Herbie est un robot... télépathe! Dans l'équipe de direction d'U.S. Robots, chacun lui réclame les pensées secrètes des autres... mais il ne fait que leur dire ce qu'ils désirent entendre ("Menteur")! Suite à une altercation avec un ingénieur, Nestor, vexé du fait de son complexe de supériorité, a décidé de "disparaître"... en se fondant dans la masse de ses 62 compagnons! Il faudra bien de la robopsychologie à Susan Calvin pour démasquer le petit rusé ("Le petit robot perdu")... Et c'est bien là la richesse de l'oeuvre selon moi: Asimov y apporte une dimension d'énigme (comme dans Le club des veufs noirs) qui vient enrichir la dimension scientifique. A chaque fois que les héros sont confrontés à un problème avec les robots, ils font appel à leur capacité de raisonnement, de déduction, menant l'enquête pour en trouver la cause et redoublant de sagacité pour "battre les robots à leur propre jeu", ce qui devient de plus en plus compliqué avec leur évolution!
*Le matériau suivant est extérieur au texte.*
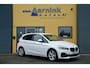 BMW 2-Serie Active Tourer 225xe iPerformance winterpack, shadowline, trekhaak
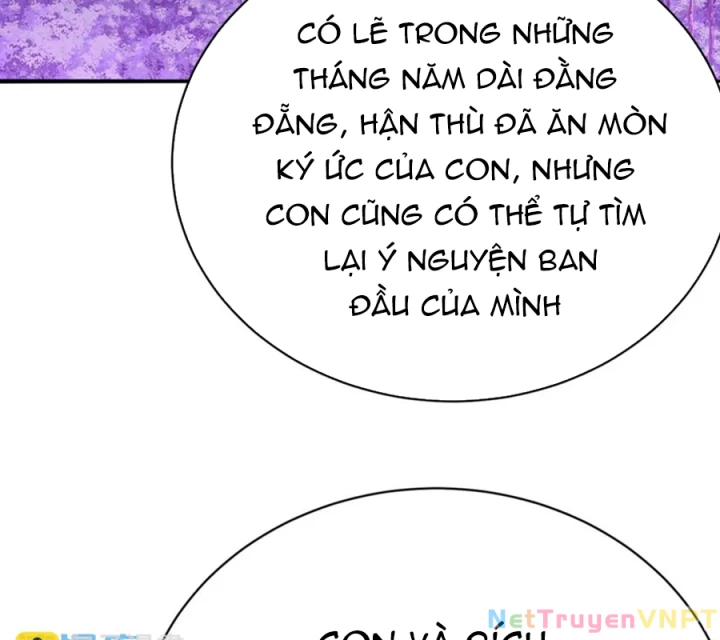 Ta Nhặt Được Thuộc Tính Tại Tu Chân Giới Chapter 375 - Trang 2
Il est en effet étonnant de trouver autant de modernité à ce texte écrit en 1950! A la fois dans la langue (grâce à la révision de la traduction, peut-être), qui reste accessible malgré le vocabulaire scientifique. Et surtout dans le contenu, l'auteur ayant anticipé des conceptions techniques qu'on aborde à peine (je pense aux androïdes) et surtout envisagé déjà à l'époque les conséquences socio-psychologiques du développement des robots dans la société humaine. Asimov joue beaucoup autour de ses trois lois, montrant comment l'accentuation ou l'assouplissement de l'une ou l'autre entraîne de subtiles modifications dans les réactions des machines. Car non, un robot n'est pas "qu'un robot" et le sentiment qui persiste à la fin de cette lecture (même si j'en étais déjà persuadée auparavant), c'est qu'il apporte bien plus à l'humanité qu'il ne lui prend. D'ailleurs, "si on pouvait créer un robot capable d'occuper des fonctions officielles, il s'en acquitterait à la perfection. Selon les Lois de la robotique, il serait incapable de causer du préjudice aux humains, incorruptible, inaccessible à la sottise, aux préjugés. Ce serait l'idéal". Alors à quand une machine qui "dirige notre avenir en fonction de la situation mondiale et de la psychologie humaine"?
Patricia Deschamps, juillet 2019
*Première Loi : Un robot ne peut porter atteinte à un être humain ni, restant passif, laisser cet être humain exposé au danger.
Deuxième Loi : Un robot doit obéir aux ordres donnés par les êtres humains, sauf si de tels ordres entrent en contradiction avec la Première Loi.
Troisième Loi : Un robot doit protéger son existence dans la mesure où cette protection n’entre pas en contradiction avec la Première ou la Deuxième Loi.